Posted November 24, 2011

1 comment

The world of recruitment has changed. Tech talent is in such high demand that many top candidates are constantly in the position of saying “no” to offers and recruiters—especially in major markets like Toronto.

The competition for these candidates is so high that companies doing recruitment the old fashioned way are at a serious disadvantage: last year’s best practices are today’s liabilities. But as with every shift, there’s tremendous opportunity, if you know where to look.

The widespread adoption of social media and other digital technologies has created the need for a recruitment process that reflects the times. Just as marketers are working with communities to extend and enrich their brand, forward-thinking recruiters have started using communities to deepen the talent pool from which they hire. For these companies, it’s paying off: according to a recent survey conducted by Jobvite, one in six respondents found their current or most recent job through an online social network (compared to about one in ten just a year ago).

But clearly successful social media recruitment is about far more than the number of Facebook ‘likes’, or the number of followers on LinkedIn or Twitter.

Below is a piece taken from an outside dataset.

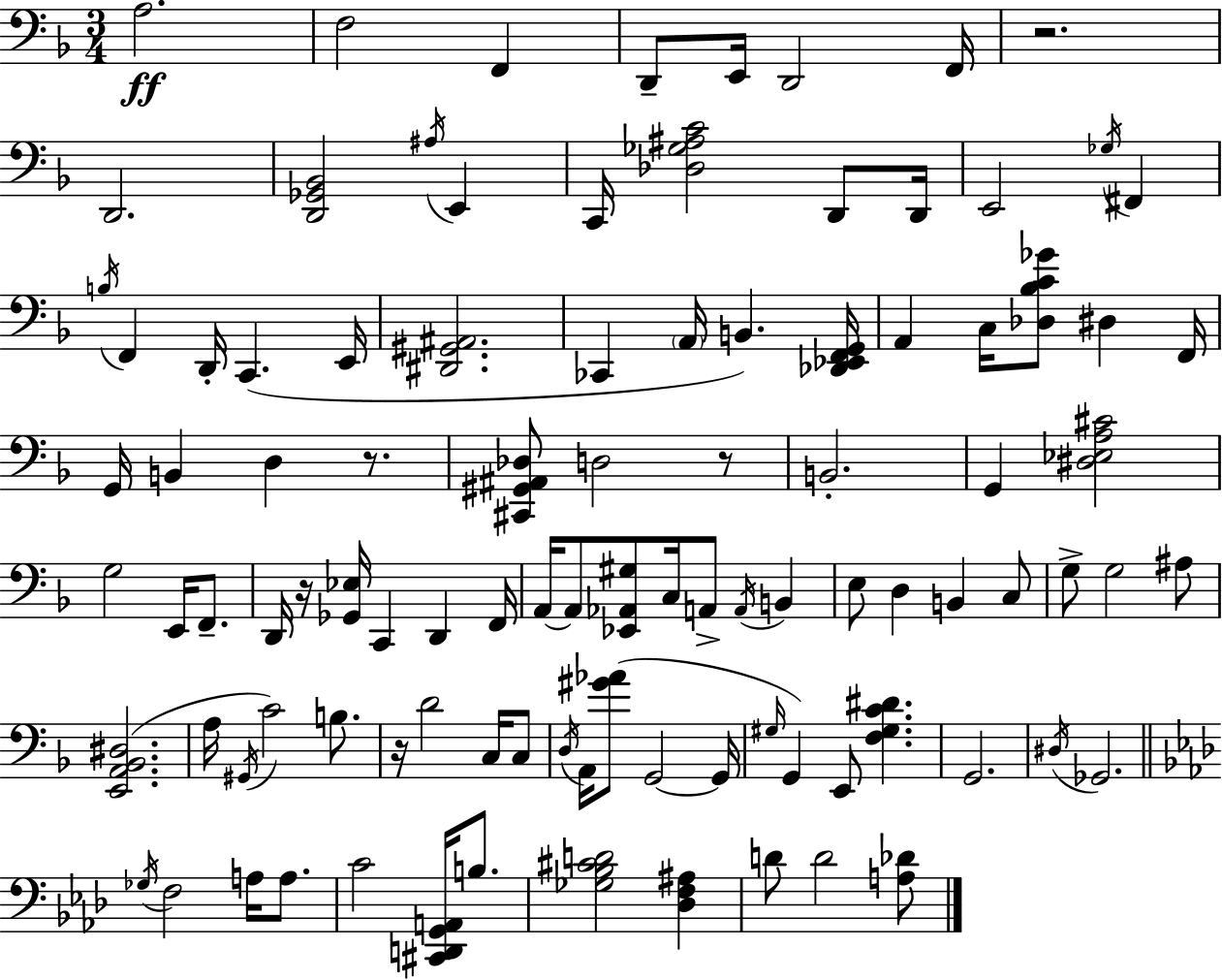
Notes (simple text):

A3/h. F3/h F2/q D2/e E2/s D2/h F2/s R/h. D2/h. [D2,Gb2,Bb2]/h A#3/s E2/q C2/s [Db3,Gb3,A#3,C4]/h D2/e D2/s E2/h Gb3/s F#2/q B3/s F2/q D2/s C2/q. E2/s [D#2,G#2,A#2]/h. CES2/q A2/s B2/q. [Db2,Eb2,F2,G2]/s A2/q C3/s [Db3,Bb3,C4,Gb4]/e D#3/q F2/s G2/s B2/q D3/q R/e. [C#2,G#2,A#2,Db3]/e D3/h R/e B2/h. G2/q [D#3,Eb3,A3,C#4]/h G3/h E2/s F2/e. D2/s R/s [Gb2,Eb3]/s C2/q D2/q F2/s A2/s A2/e [Eb2,Ab2,G#3]/e C3/s A2/e A2/s B2/q E3/e D3/q B2/q C3/e G3/e G3/h A#3/e [E2,A2,Bb2,D#3]/h. A3/s G#2/s C4/h B3/e. R/s D4/h C3/s C3/e D3/s A2/s [G#4,Ab4]/e G2/h G2/s G#3/s G2/q E2/e [F3,G#3,C4,D#4]/q. G2/h. D#3/s Gb2/h. Gb3/s F3/h A3/s A3/e. C4/h [C#2,D2,G2,A2]/s B3/e. [Gb3,Bb3,C#4,D4]/h [Db3,F3,A#3]/q D4/e D4/h [A3,Db4]/e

Indeed, it is an important distinction that social media platforms are not your community, but rather just the channels through which your organization interacts with your community.

As the social media guru Chris Brogan says, “The difference between an audience and a community is in which direction the chairs are pointing.”

Creating your community demands a rethink about the way in which a company views its relationship with the world around it. It’s no longer sufficient to simply broadcast your message to the world. Community members demand interaction. They expect to interact with your company just as they would with their friends and other contacts. As the social media guru Chris Brogan says, “The difference between an audience and a community is in which direction the chairs are pointing.” At its heart, community is dialogue.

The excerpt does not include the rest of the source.